Jizhong Energy Group Company Limited
- Type: State owned
- Industry: Coal mining
- Headquarters: Xingtai, Hebei, People's Republic of China
- Key people: Wang Sheping, CEO
- Products: Coal
- Subsidiaries: Jizhong Energy Resource (SZSE: 000937)
- Website: www.jznyjt.com

= Jizhong Energy =

Chinese coal mining company

Jizhong Energy Group Company Limited is a state-owned coal company located in Hebei, China. It is among the seven largest Chinese coal companies. In 2011, the company mined slightly over 100 million metric tonnes of coal in 2011, of which about 26 million metric tonnes were metallurgical coal. This makes it China's second-largest metallurgical coal miner after Shanxi Coking Coal Group.

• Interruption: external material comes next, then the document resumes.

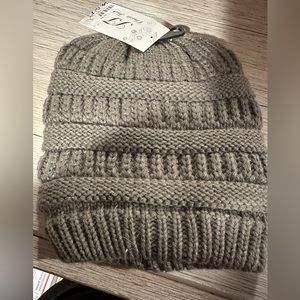 Faux Fur Lined Ponytail Beanie Winter Hat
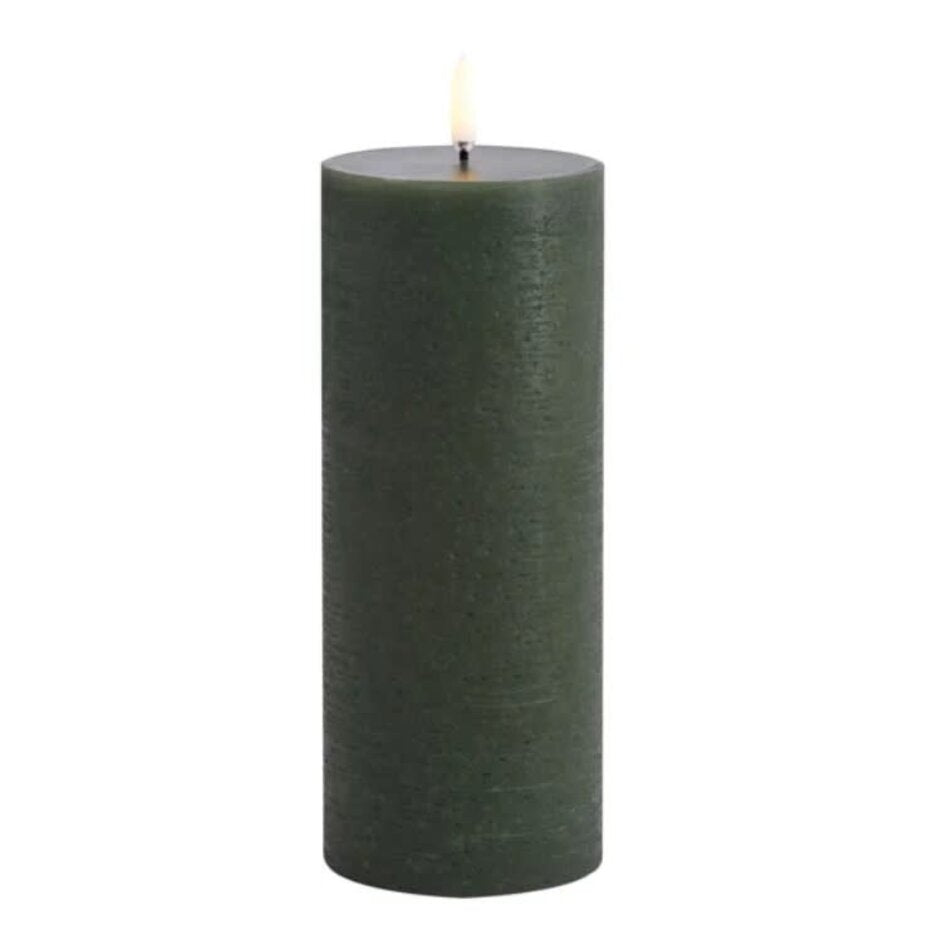 Olive Green | LED Large Pillar Candle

The company was created in June 2008 by merging Jinniu Energy Group and Jizhong Energy Fengfeng Group. In addition to the coal industry, the company is engaged in the medicine, electric, chemical, mechanical and structural material industries. It has eight fully owned subsidiaries and three listed companies. In the 2013 Forbes Global 2000, Jizhong Energy Resource was ranked as the 1631st -largest public company in the world.

One of the main subsidiaries, Jizhong Energy Resource (formerly Hebei Jinniu Energy Resources Co, Ltd.), is listed on Shenzhen Stock Exchange. In 2008, the company produced 12 million metric tonnes of raw coal and 4.92 million metric tonnes of coal, as well as selling approximately 9.67 million metric tonnes of commercial coal.